▸ Required action
Down to the final line, write out the material beneath exactly, without pictures.

▸ Given information
··········

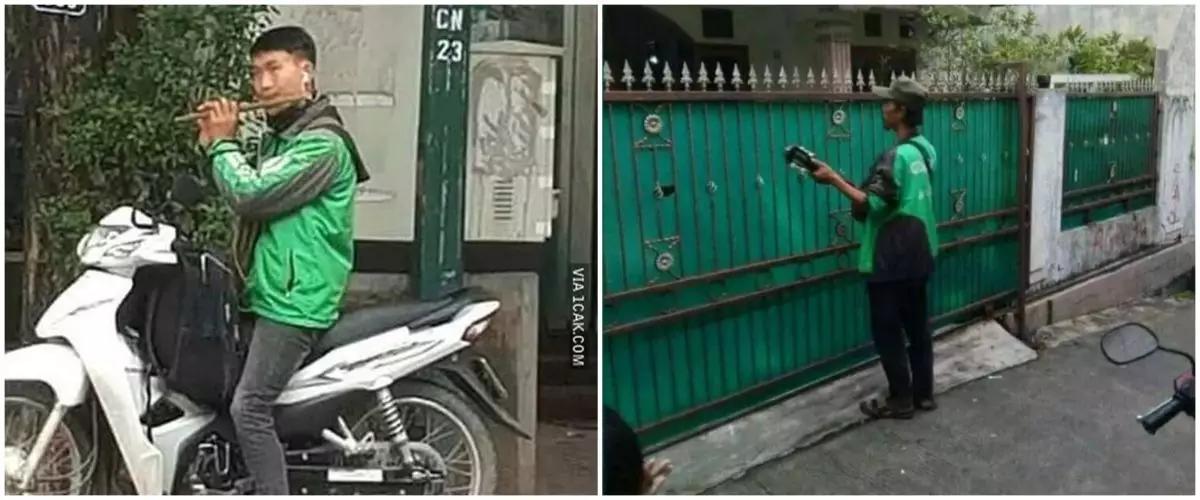 11 Potret lucu driver ojek online main alat musik, tingkahnya kocak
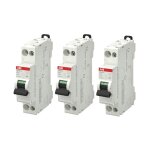 Abb - lot de 3 disjoncteurs ph + n raccordement vis 10a - 4, 5ka - courbe c
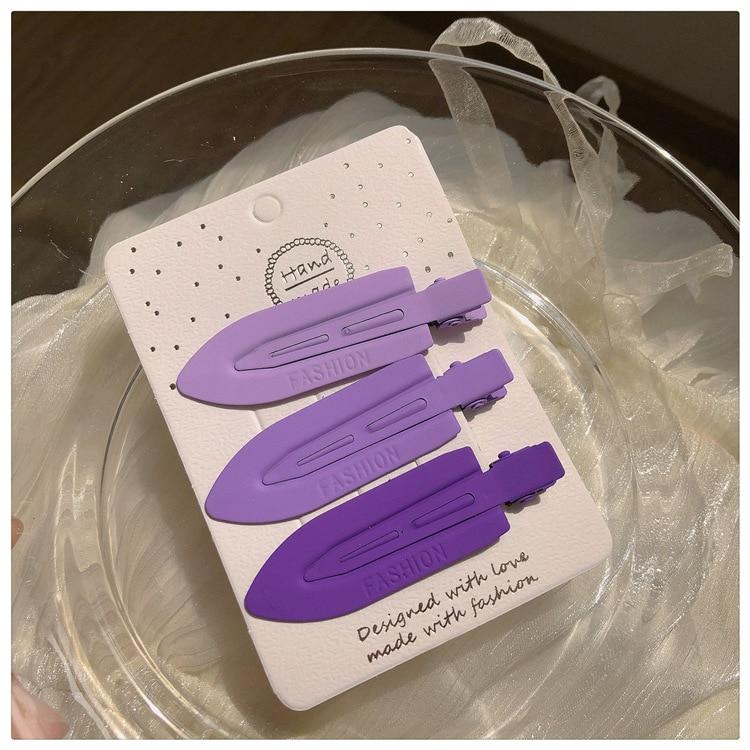 3pcs Candy Color Crossover Bangs Clip Korean Girls Sweet Hairpins Cross Seamless Hair Clip Broken Hair Clip Edge Clip Headwear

··········

▸ Written solution
 11 Potret lucu driver ojek online main alat musik, tingkahnya kocak
 Abb - lot de 3 disjoncteurs ph + n raccordement vis 10a - 4, 5ka - courbe c
 3pcs Candy Color Crossover Bangs Clip Korean Girls Sweet Hairpins Cross Seamless Hair Clip Broken Hair Clip Edge Clip Headwear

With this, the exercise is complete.